This will be how Philipp ends up in a coffee shop across from a forty-three year-old late night radio DJ Evgeny has somehow known for twenty years. “Love you, man,” he says. “I think I don’t want to date anyone you know, though. Your friends are all fifteen years older than us. And weird.”

“That’s fair. I don’t know anybody who wanna date you,” Evgeny admits, and takes more muffin. “Maybe somebody you’d want to date, though.”

There’s something to be said for bluntness. Philipp tries to think what it is exactly, and comes up short, but he counts it as a comfort anyway.

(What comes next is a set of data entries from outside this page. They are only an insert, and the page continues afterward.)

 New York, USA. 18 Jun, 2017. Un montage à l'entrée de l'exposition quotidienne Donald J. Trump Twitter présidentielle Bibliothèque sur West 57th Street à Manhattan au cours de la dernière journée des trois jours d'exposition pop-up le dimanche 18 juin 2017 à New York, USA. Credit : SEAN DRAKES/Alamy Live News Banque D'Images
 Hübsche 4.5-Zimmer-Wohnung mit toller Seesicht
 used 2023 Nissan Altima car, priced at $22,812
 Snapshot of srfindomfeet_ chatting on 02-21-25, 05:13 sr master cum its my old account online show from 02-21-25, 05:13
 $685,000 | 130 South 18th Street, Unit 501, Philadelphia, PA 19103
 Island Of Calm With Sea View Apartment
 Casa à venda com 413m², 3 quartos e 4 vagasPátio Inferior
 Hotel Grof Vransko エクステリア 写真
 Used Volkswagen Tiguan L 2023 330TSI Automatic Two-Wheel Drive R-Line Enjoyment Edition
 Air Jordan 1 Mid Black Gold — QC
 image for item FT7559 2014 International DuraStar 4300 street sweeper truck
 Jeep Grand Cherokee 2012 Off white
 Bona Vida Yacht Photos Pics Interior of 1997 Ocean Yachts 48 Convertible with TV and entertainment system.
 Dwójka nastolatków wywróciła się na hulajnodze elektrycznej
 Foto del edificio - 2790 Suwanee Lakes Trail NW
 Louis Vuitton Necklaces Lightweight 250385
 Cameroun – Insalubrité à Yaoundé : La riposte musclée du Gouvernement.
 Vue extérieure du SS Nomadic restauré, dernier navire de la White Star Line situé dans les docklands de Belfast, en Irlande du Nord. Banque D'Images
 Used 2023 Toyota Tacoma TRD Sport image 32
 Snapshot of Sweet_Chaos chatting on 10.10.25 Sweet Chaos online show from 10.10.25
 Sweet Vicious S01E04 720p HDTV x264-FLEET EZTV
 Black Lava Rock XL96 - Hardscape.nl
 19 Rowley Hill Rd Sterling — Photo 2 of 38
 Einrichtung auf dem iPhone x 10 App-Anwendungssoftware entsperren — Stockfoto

“Sorry, ah,” Evgeny says, and pushes the muffin back across. He folds his hands under his jaw, working one thumb over the new gold stubble there, and looks up at Philipp for a long time.

“Quiet,” he says, “enough. Little shy. Still in school for language—speaks a little German too, so you family like that. Even same age.”

“Oh, well then,” Philipp says.

Evgeny flicks his fingers at him, then notices his nails need attention. “Plays goalie for Fire Hockey, sometime, too. That’s league from fire station, hospital, you know.”

Philipp thinks a lot of things. He says, “Oh.”

Evgeny flashes a quick blue look at him. “Well yeah, you family know you gonna date another goalie,” he says. “You know, not my first rodeo.”

“What’s his name?”

“Steve,” Evgeny says, a little too easily.

“He have a last name?”

“You know,” Evgeny says, like that’s a whole sentence. “Just a sec,” and fishes around for his phone.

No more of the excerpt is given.